A Jersey-born restaurateur is opening a restaurant this week with a Michelin star chef in the centre of London’s arts and cultural heartland, where local produce will feature on the menus.
Marie Jackson and Australian-born chef Skye Gyngell are the brains behind Spring, which opens on Tuesday 14 October in the New Wing of the capital’s historic Somerset House, in the space previously occupied by the UK Inland Revenue since it was built in 1856.
When it came to selecting a supplier of seafood for Spring, they turned to Ms Jackson’s brother and sister, Louis and Vicky Jackson, of the Fresh Fish Company who already export their Genuine Jersey produce to the UK. And, the siblings’ mother, Mary, is also involved in the business where her homemade fish pies are legend.
Ms Jackson said: “We have used the Fresh Fish Company previously and have never been let down when it comes to freshness and quality, so it makes sense to use them as one of the suppliers for Spring.”
The Chief Executive of Genuine Jersey, John Garton, welcomed the opening of Spring and the export of local seafood which will include lobster, crab, turbot and sea bass – and not just for the opportunity to showcase the Island’s produce in such a prestigious location.
‘Both Skye and Marie are real champions of seasonality and using fresh British produce to create innovative dishes so I am delighted that our very own seafood will feature on the menu. I hope that Spring will become the place for Island businesses to entertain their clients in London and to showcase the high quality produce for which Jersey in renowned with British chefs and food lovers nationwide,’ he said.
Ms Jackson met Ms Gyngell when they worked together at Michelin Star Petersham Nurseries in Richmond. They have spent the past 18 months on their joint project, which has seen an extensive refurbishment to create a 120-cover restaurant with an atrium garden at its centre.

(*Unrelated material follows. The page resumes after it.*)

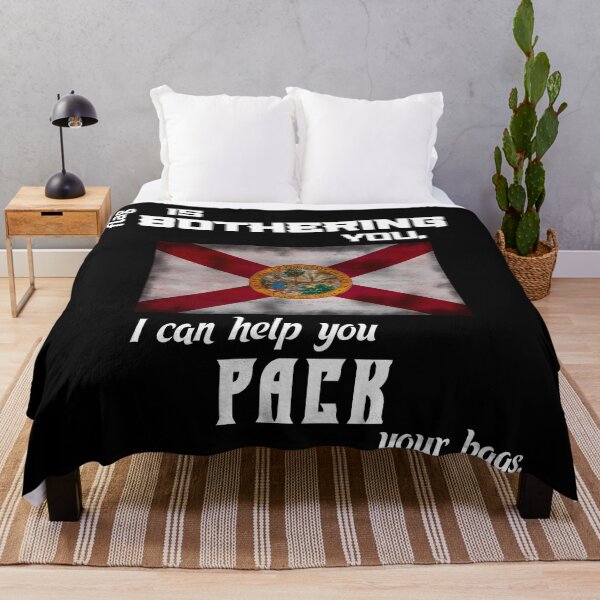 Item preview, Floridian flag - pack your bags designed and sold by 2Girls1Shirt.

Ms Jackson left the Island 12 years ago, having jointly owned the old popular town centre restaurant, Blues. Before setting up her own hotel, restaurant and retail development consultancy business in 2010, Marie Jackson Associates, she ran three restaurants in Oxford, sourcing her seafood from the family business back home.
While she was operations director at the Bank Hotel, Gees Restaurant and the Old Parsonage Hotel, she was recognised by Condé Nast Johansens ‘For Outstanding Excellence and Innovation’.
Ms Gyngell – who trained in her homeland and Paris, and worked with Anton Mossiman at London’s Dorchester Hotel - is also an award-winning writer who was the food writer for the Independent on Sunday for five years. She has also written for Vogue magazine.